1971 Woolworth TV commercial for LPs


TV commercial from another time. (What is the music playing in the background?) (Via Bedazzled!)

24 Comments

| Leave a comment

Aaaaah inflation...

Kitschy. Somebody else might have a better answer, but I would guess the music was arranged specifically for Woolworth's. If someone knows who the composer was, you could probably dig up some more from them.

Don't know the backing track, but this does take me back.

Woolworths was about the only option in the small town where I grew up. The cut-out bin was fantasic!! I picked up many great, great albums for a quarter - including Sun Ra Angels and Demons at Play, and Jazz in Silouette. Anthony Braxton, etc. Those were the good days.

Also, this seems to be a clue to why 8-track did not make it. 3x the price? No way!

Groovy! In more ways than one!
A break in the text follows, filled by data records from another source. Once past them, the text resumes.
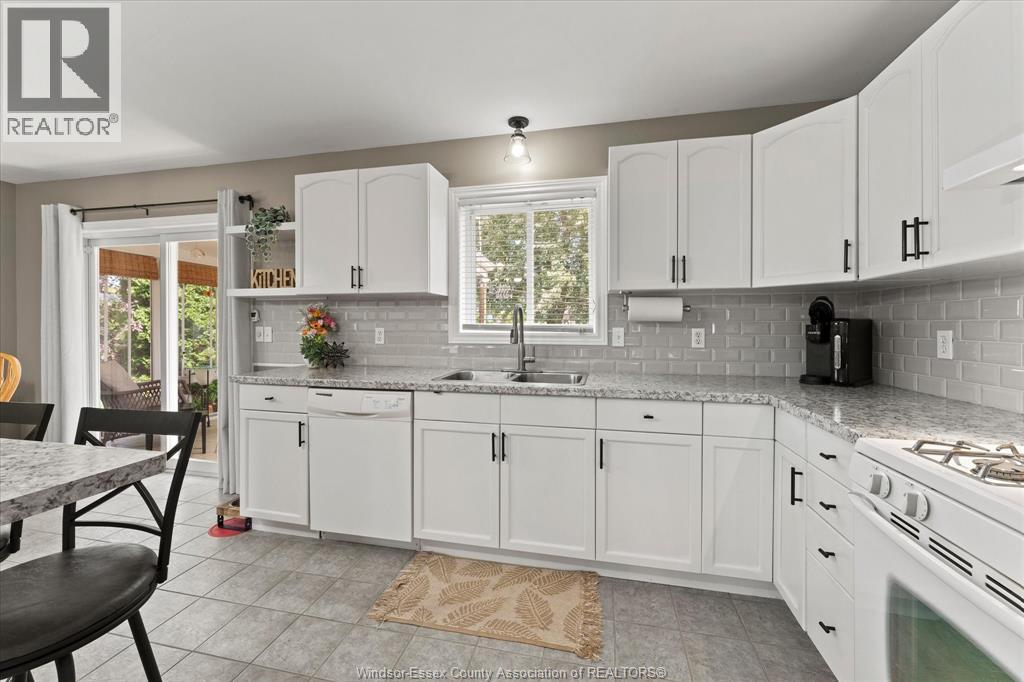 256 ASHWOOD - 12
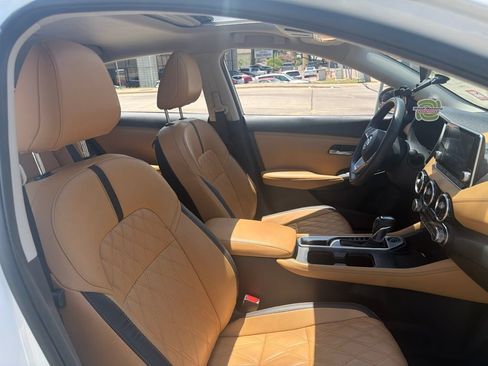 Used 2023 Nissan Sentra SV w/ SV Premium Package FWD image 22
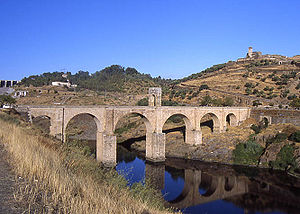 Ponte de Alcântara, construída c. 106 d.C., durante o reinado do imperador romano Trajano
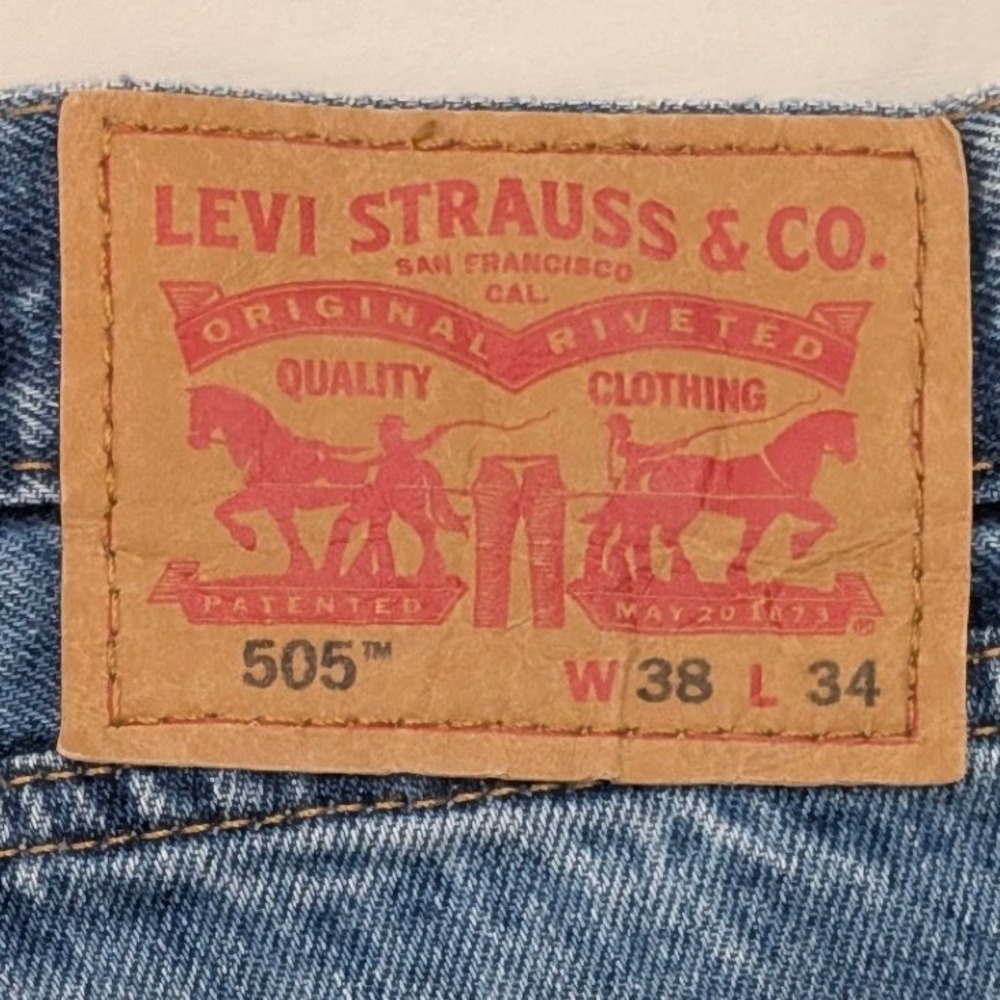 Levi's 505 Regular Fit Straight Leg Medium Wash Jeans W38 L34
Ah, for the days of pastel-colored uniforms.

Man, I've gotta find a time machine to go back to 1971 and get me some-a-them cartridges!

I had a couple copies of the 45 for "Journey to the Center of Your Mind" by the Amboy Dukes, still sealed in cardboard backing "hangers", with old Woolworth's price tags on them, priced like $1.78 or something ridiculous.

I totally had that Sesame Street album back in '72 or '73.

sounds like an instrumental ripoff of "Incense and Peppermints"

Spliced with "Music to Watch Girls By."

I still have Canned Heat's Living the Blues from Woolworth's -- a double-album for maybe $1.99. Cut-outs! Cut-outs!

Ahhh Woolworths! man that brings back memories of Fedco, Gemco and Zody's. I miss those simple times indeed.

I don't know the tune, but based on the organ stylings, that has to be Klaus Wunderlich, probably from one of his many Hammond Pops albums, available at better Sally Anns everywhere.

The artwork appears to be the work of Peter Max.

So did we. I hear they're hot collector's items nowadays.

Love the artwork on this. Reminds me of my school notebook from around that time.

Also, this commercial bears that awesome thing that prevalent in the early '70s, which was to put '7(n) at the end of anything. Like "Match Game '70".

As a kid, I thought it added some up-to-date cachet to whatever it was attached to, but in later years it made me wonder if there was something particularly different about that era (coming at the end of the upheavel of the '60s and the landing on the Moon, etc.) that made everyone feel like the '70s were truly like being in the future.

I don't recognize the specific track, however this sounds remarkably like other tracks produced in the same era by KPM Music. KPM was a 'Production Music House', who recorded generic jingles and tunes that advertisers could use in TV and Cinema productions for small licensing fees. If you've never heard any KPM tracks and enjoy they grooviness of the BG music, I'd recommend some digging. KPM Music made some absolutely fabulous go-go, proto-rock, pop, and lounge compositions, some of which have been released as a KPMs retrospectives.

I don't know who did the music (or what the name of the tune might be), but I agree that it is trying very hard to sound like Strawberry Alarm Clock, or perhaps Ray Manzarek.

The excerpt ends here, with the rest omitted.